Meet Lorine Bourland from Old Hickory, Tenessee just east of Nashville. Lorine is an avid cook and teaches cooking classes with a team at her church. She also makes jewelry which she sells at her church’s Art Fair and she loves to travel, too, having gone to the Holy Land and Italy many, many times.
In early 2020, Lorine started her cheesemaking quest while trying to find a caraway cheese that her Czech mother and grandmother made. As she recalls, it was made from dry cottage cheese and was called Tyaroh. As she was looking for recipes, she came across The Art of Cheese’s website and saw that we had taught a class called the 3 Day Aged Farmer’s cheese that piqued her curiosity. Of course, we had taught that one back when we were still doing in-person classes but because of the Pandemic we were only doing virtual classes at this point. So, Lorine decided to take our virtual 7 Day Cheese Challenge, along with her daughter Jacque who lives just a few miles away from her. Once they started learning to make cheese, they were hooked! And eventually, when we added that 3 Day Aged Farmer’s cheese to our virtual course offerings, she was delighted to take that one, too.
Since then, Lorine has taken many virtual classes with us and has made 20 different types of cheese so far. That has qualified her for the Gold Level Artisan Cheesemaker Certification and she is well on her way to getting her Platinum certificate. Her husband, Fred, whom she’s been married to for almost 62 years, says they’ve bought more milk in the last 14 months that they have in their whole married life! In addition to making cheese at least once a week, she also makes yogurt and labneh, a type of cheese made from strained yogurt.
Lorine’s favorite kind of cheese is made out of sheep’s milk but she’s had no luck finding sheep milk in the Nashville area. So, she got creative and bought some lamb paste rennet and an extra strong lipase (a lamb enzyme that gives a piquant flavor to cheeses) and added these to cow’s milk to get something more similar in flavor to the sheep’s milk cheeses she loves.
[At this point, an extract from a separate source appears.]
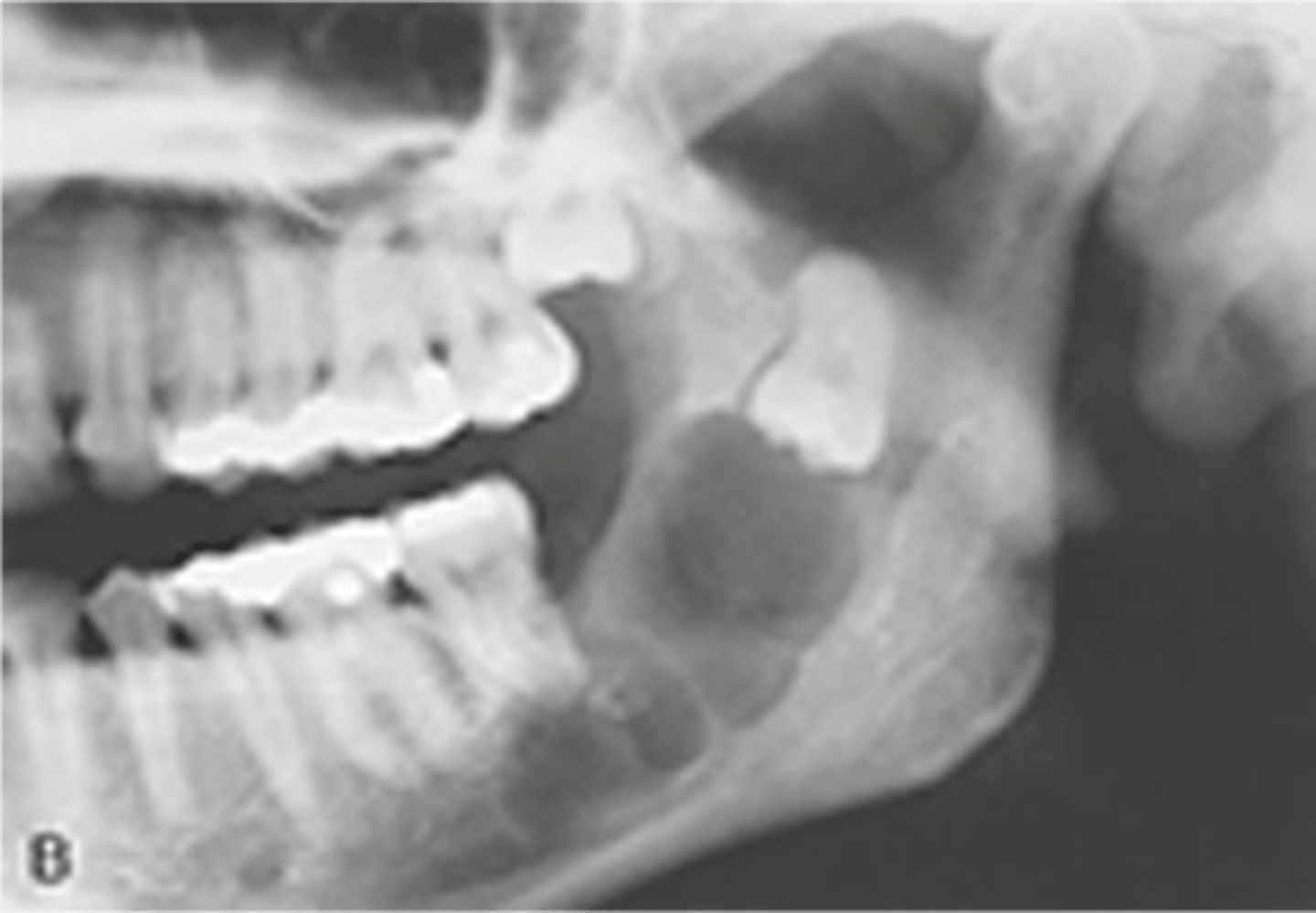 <p>Benign but aggressive tumor w sig recurrence</p><p>Most common in post mand but can be in the ant</p><p>Most common true odontogenic tumor</p><p>multilocular radiolucency (soap bubble)</p><p>often assoc w/ impacted tooth</p>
Like most home cheesemakers, Lorine has had her share of both successes and failures as she’s been learning the craft. According to her, she had one colossal failure when following someone else’s online recipe for Drunken Cow cheese. Lorine says, “the recipe was weird and ended up, after soaking it in wine, looking like a flat round cork. In fact, I used it as a conversation piece on a cheese board and then it went in the trash!” Another less successful make was the time she made a paneer cheese with cumin and her husband said it tasted like dirt!
But she’s had many successes, too, and her favorite cheese to make is Guido’s Italian Hard Cheese. She says it’s easy to make and quick to age and can be flavored with different herbs, nuts and dried fruit easily. Lorine has started making sourdough bread as well, and her husband makes homemade wine, so they are all set – “a jug of wine, a loaf of bread and a hunk of cheese!”